* [WHAT TO PRODUCE]: Everything before the line containing "YS291 Kittension Pully" stays out; print that line and all lines below it through the last, exactly.

* [RECORDED DATA]:
Start of Block

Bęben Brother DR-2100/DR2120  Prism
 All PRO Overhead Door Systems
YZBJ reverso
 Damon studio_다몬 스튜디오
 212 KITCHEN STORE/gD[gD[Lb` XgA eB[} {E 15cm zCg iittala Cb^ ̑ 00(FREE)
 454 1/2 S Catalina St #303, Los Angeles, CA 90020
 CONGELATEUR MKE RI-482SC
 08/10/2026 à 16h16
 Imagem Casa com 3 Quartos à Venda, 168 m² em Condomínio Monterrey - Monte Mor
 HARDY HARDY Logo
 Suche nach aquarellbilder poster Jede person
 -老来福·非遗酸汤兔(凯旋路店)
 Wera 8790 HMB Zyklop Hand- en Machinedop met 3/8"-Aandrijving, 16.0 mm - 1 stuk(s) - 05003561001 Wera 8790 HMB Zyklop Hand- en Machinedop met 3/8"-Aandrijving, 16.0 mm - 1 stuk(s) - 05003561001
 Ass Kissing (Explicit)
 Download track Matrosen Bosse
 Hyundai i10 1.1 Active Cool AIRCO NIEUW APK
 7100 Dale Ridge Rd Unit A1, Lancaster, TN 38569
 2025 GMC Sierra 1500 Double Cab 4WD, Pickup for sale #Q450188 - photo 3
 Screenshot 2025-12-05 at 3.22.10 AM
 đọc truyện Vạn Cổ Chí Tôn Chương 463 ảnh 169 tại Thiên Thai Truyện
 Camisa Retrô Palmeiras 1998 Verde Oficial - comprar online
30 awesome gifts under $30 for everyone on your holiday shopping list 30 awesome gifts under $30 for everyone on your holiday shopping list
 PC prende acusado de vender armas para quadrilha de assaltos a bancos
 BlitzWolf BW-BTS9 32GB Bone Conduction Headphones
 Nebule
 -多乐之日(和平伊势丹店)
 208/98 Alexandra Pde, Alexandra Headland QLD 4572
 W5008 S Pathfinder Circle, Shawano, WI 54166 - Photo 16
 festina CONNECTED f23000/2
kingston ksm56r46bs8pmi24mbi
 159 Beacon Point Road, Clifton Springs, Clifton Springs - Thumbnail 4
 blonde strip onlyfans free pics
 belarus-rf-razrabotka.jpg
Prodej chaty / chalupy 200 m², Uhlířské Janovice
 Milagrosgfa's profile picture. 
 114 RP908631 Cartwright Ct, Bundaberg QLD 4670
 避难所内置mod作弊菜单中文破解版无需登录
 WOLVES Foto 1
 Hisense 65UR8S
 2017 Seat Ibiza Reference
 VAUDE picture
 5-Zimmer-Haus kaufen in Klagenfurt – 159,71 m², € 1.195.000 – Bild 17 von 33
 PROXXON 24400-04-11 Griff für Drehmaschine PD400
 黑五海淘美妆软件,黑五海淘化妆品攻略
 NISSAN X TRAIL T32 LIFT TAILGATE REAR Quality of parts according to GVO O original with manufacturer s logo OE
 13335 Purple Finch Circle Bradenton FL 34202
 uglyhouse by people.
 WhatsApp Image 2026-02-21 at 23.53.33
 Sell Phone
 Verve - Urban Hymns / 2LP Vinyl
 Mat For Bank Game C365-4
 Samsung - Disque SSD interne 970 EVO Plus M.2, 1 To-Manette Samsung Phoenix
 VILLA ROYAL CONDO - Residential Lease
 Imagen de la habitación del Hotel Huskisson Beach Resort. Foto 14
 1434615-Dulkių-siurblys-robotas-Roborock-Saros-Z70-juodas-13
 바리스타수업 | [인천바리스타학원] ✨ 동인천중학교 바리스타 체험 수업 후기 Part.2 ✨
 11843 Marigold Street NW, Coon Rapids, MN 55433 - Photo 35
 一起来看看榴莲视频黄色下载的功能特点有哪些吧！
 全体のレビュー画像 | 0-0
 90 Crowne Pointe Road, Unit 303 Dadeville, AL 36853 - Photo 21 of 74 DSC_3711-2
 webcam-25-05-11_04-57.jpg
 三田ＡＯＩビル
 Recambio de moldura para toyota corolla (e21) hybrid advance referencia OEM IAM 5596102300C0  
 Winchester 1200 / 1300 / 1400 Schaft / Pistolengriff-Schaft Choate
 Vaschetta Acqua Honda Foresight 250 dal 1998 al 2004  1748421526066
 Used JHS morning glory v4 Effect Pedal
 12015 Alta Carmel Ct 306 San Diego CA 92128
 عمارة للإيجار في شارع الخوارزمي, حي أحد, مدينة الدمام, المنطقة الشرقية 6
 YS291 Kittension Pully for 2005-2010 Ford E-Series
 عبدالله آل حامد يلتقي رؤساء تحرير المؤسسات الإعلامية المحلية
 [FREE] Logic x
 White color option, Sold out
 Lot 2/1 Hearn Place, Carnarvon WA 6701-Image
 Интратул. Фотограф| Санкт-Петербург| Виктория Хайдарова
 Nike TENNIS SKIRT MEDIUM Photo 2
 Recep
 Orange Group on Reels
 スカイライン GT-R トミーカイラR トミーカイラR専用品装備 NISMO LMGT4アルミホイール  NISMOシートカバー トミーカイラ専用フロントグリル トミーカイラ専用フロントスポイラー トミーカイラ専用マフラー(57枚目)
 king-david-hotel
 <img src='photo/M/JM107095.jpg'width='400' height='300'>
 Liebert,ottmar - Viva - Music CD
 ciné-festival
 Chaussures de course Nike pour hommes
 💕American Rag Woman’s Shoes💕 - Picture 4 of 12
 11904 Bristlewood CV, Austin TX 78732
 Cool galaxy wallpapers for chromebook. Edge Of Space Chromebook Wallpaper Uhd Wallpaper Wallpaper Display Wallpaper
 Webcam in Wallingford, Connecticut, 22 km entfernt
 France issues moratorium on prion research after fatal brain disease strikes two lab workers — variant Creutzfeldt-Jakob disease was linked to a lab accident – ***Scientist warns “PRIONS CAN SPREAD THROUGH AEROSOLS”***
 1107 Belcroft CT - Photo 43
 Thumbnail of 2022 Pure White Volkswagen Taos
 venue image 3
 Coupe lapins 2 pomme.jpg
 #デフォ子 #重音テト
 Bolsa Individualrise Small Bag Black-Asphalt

End of Block

* [EXPECTED ANSWER]:
 YS291 Kittension Pully for 2005-2010 Ford E-Series
 عبدالله آل حامد يلتقي رؤساء تحرير المؤسسات الإعلامية المحلية
 [FREE] Logic x
 White color option, Sold out
 Lot 2/1 Hearn Place, Carnarvon WA 6701-Image
 Интратул. Фотограф| Санкт-Петербург| Виктория Хайдарова
 Nike TENNIS SKIRT MEDIUM Photo 2
 Recep
 Orange Group on Reels
 スカイライン GT-R トミーカイラR トミーカイラR専用品装備 NISMO LMGT4アルミホイール  NISMOシートカバー トミーカイラ専用フロントグリル トミーカイラ専用フロントスポイラー トミーカイラ専用マフラー(57枚目)
 king-david-hotel
 <img src='photo/M/JM107095.jpg'width='400' height='300'>
 Liebert,ottmar - Viva - Music CD
 ciné-festival
 Chaussures de course Nike pour hommes
 💕American Rag Woman’s Shoes💕 - Picture 4 of 12
 11904 Bristlewood CV, Austin TX 78732
 Cool galaxy wallpapers for chromebook. Edge Of Space Chromebook Wallpaper Uhd Wallpaper Wallpaper Display Wallpaper
 Webcam in Wallingford, Connecticut, 22 km entfernt
 France issues moratorium on prion research after fatal brain disease strikes two lab workers — variant Creutzfeldt-Jakob disease was linked to a lab accident – ***Scientist warns “PRIONS CAN SPREAD THROUGH AEROSOLS”***
 1107 Belcroft CT - Photo 43
 Thumbnail of 2022 Pure White Volkswagen Taos
 venue image 3
 Coupe lapins 2 pomme.jpg
 #デフォ子 #重音テト
 Bolsa Individualrise Small Bag Black-Asphalt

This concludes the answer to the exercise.